Number two, a Uenoid.
I found these Uenoids in a small mountain stream that's across the street from the motel we use: Grant Creek. There were a bunch of them attached to the rocks near the shoreline.
All Uenoids are genus Neophylax, but what about the species ID? For a number of reasons, I think it's N. splendens. Let's go over the data. To begin with, the source I use to work on genus and species ID for the insects I find in Montana is Roger Rohrbeck's Fly Fishing Entomology, here using the descriptions found in the section "Pacific Northwest Caddisflies" (http://www.flyfishingentomology.com/PNW%20Caddisflies.htm). There are three species of Neophylax described at this site: occidentis, rickeri, and splendens. I think we can eliminate N. occidentis. The pronotum of the species is described as "front 1/3 light, rear 2/3 dark," and "evenly spaced spines at front edge with only a few scattered hairs on rest of pronotum." Don't see that at all on our larva. There are quite a few, very small, hairs on the surface of the pronotum, and the front 1/3 is actually darker than the rear.

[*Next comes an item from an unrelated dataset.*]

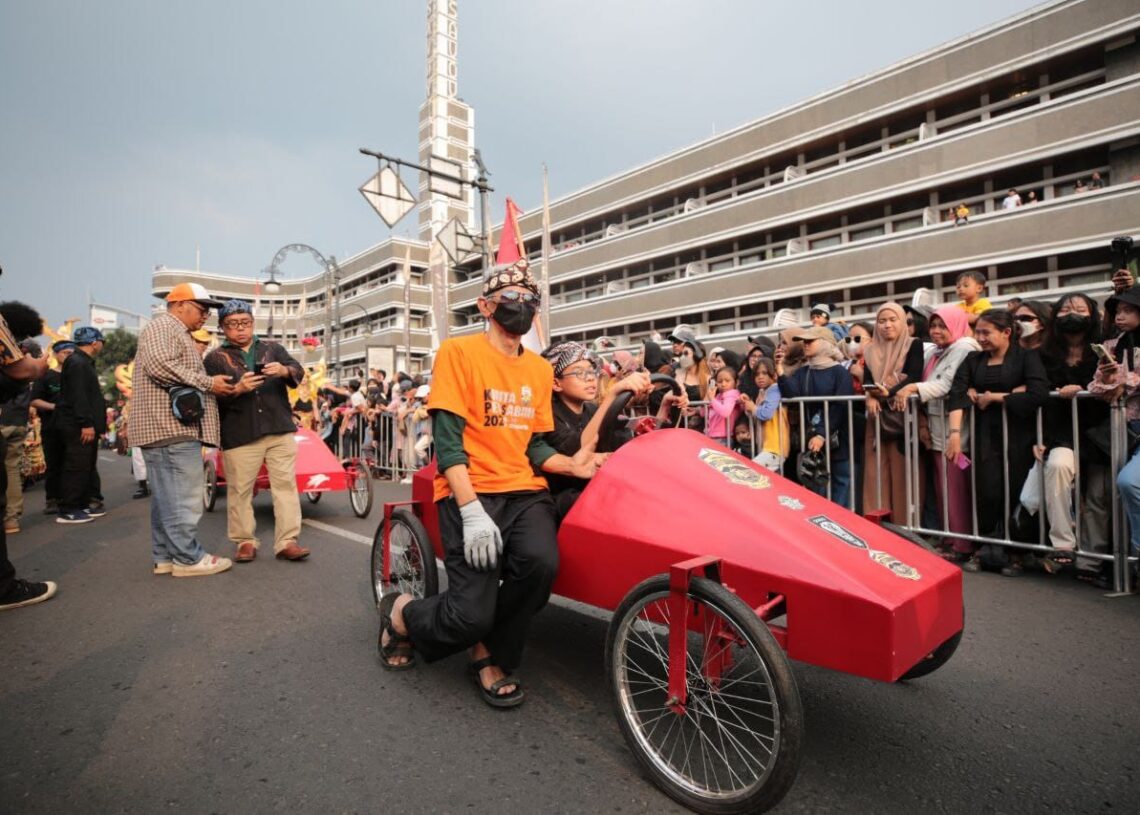 Kereta Peti Sabun Ikut Arak-Arakan Festival KAA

I'd say there are thick dark setae at the back of the pronotum, with smaller setae mainly along the inner edges of the pronotal plates.
Secondly, Rohrbeck notes that "there are prominent gill-like filaments on the underside of ab1." That means clavate gills on the venter.

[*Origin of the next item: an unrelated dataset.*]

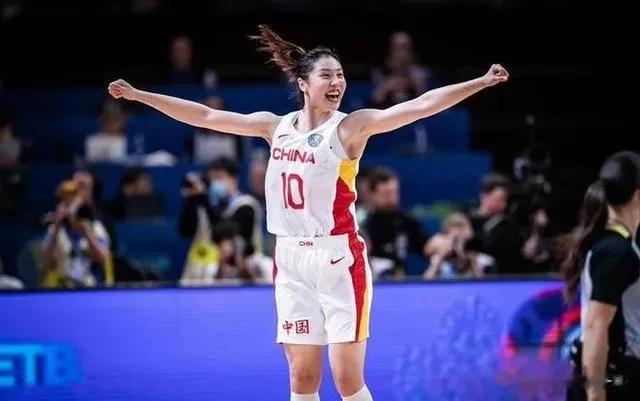 中国女篮现役防守强度最硬的四朵金花：

1、黄思静   前锋   27岁  身高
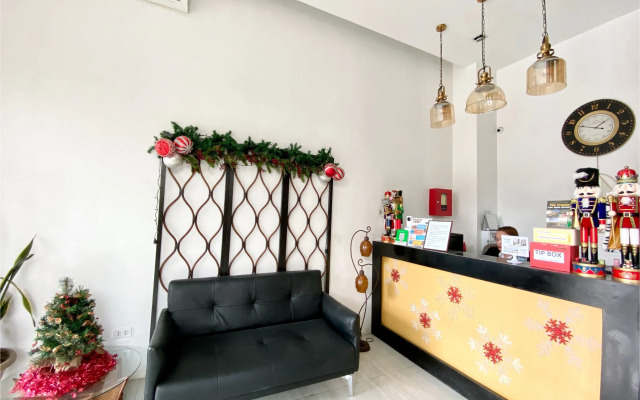 OYO 485 The Rooms By Alinace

And there they are. But there is more. The key source to use on Neophylax species ID is the book The Caddisfly Genus Neophylax (Royal Ontario Museum, 2005), edited by R.N. Vineyard, G.B. Wiggins, H.E. Frania, and P.W. Schefter. There it is clear that rickeri and splendens are similar in many ways (e.g., dark heads and legs). But on rickeri they note that the spines on the leading edge of the pronotum are "moderate in size" while those on splendens are "small". I'd go with small.
Also a critical factor, rickeri is said to inhabit "medium to large streams" while splendens "occurs in small first-to third- order streams. Grant Creek is, without question, one of the latter. You might recall the photo I posted in April.
Good fun as always, and going to Montana in July instead of August -- when we normally do -- means finding a new set of insects. In the next entry, a look at a new Epeorus and a new Leucrocuta.